24 thoughts on “What to Consider When You are Thinking About Moving”

  1. I just spent the last 3 months moving…I hate it. We did it to capitalize on the equity in our home to get out of credit card debt from the last 7 years of going crazy traveling and acquiring 4 Savannah cats (we are empty-nesters, 2nd marriage and started over! We had a ball, but it’s time to pay the piper! So there’s another reason to add to your list! Well done!

  2. This was a great post and had a lot of helpful info in it! I know I am one of the 8% who would ideally like slightly cheaper rent, and we’ve come to our grow our rental home and some of it’s many issues. But at the moment buying isn’t an option and our rent is actually a lot better than more in our area so we’ve decided to stay for a bit longer until we get everything squared away and ready.

  3. The reason I’m staying in CT is to be close to my family. I’ve had periods of being away for instance where I lived on the other side of the world. I moved in with my boyfriend last year and although it was hard, after reading this list, I feel like I made the right choice.

  4. I’ve moved a couple of times – for different reasons. The first time was to move closer to my work, the second was because the owners of the place I was renting decided to sell the property. The second move was a bit of a nightmare because it was so hard to find a place in the area I wanted within my budget, but I found a great place and I’m so happy. These are great tips to help people who want to or are thinking of moving – there is so much more involved than. Like I would have never thought about price of car insurance! I’m going to keep these tips in mind for my next move (which I hope will be a home I’m purchasing!)

    1. I’m so glad you found it helpful! I’m getting ready for a move and I feel like every time I turn around there’s something new I have to add to my to-do list haha

  5. I love this post!

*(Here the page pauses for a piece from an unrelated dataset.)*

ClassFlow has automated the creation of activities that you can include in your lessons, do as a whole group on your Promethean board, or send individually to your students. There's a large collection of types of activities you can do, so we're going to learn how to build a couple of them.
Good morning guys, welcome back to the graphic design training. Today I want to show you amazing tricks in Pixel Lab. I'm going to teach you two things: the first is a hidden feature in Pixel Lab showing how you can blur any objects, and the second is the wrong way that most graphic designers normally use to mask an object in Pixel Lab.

Not because I’m planning to move, but because of all the great suggestions for planning. I am a planner at heart you have some really great suggestions for ways to mitigate stress and promts to think about why you moving, what a successful move would look like, and how to figure out whether it was the right thing to do. Pinning this to return to in the future.

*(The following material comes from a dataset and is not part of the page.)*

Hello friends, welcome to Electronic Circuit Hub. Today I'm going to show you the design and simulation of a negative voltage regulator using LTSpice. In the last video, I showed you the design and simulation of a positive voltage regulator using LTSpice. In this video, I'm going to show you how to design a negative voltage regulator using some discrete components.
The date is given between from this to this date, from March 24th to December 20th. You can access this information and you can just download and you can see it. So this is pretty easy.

  6. You’ve got some great considerations here, many that are often overlooked. I know that even the most loving pet owners often forget about things like ‘will my pet get car sick on the way to the new house’. I lived in 12 houses in a 10-year span when I first moved to Southern Ontario for a number of reasons, most of that with pets in tow (not the first 2 locations, but every location after that). One of the big things that help, I’ve found, is to keep a blanket or toy that is familiar to your pet scent wise, something they love. Make sure that’s in the new house when you bring them in so that they have some sense of familiarity.

  7. Great list! Just what I need. I can’t move from one place to another for over the half of a year due to personal reasons (not related with moving as an act) but still, I try to collect as much info as I can and your post totally helps!

  8. You’ve covered all the important issues here. Moving is stressful, but if you’ve done it for the right reasons and planned it as well as possible, some of that stress is lifted. I love your last point about planning for the aftermath. Great advice.

  9. Ahhhh one of the things I hate in life is moving. I am a homebody and dislike even thinking about it. So I always consider before making the move to get rid of everything I do not need. Pack light as they say.

  10. I like your example of the pot plant. Sometimes we outgrow our surroundings and we need to move to a new place to experience new things and grow as a person. It’s just a shame that moving house is such a big task!

  11. Kristine Nicole Alessandra

    Moving house is a big decision and it should be discussed thoroughly with every member of the family. I love this detailed article. You touched on every possible scenario we may encounter should we decide to relocate. My husband and I have decided to downsize once all the kids have settled down with their own families.

    1. Thank you! My family and I are getting ready to move and it has been a bit overwhelming! There have just been so many things to consider.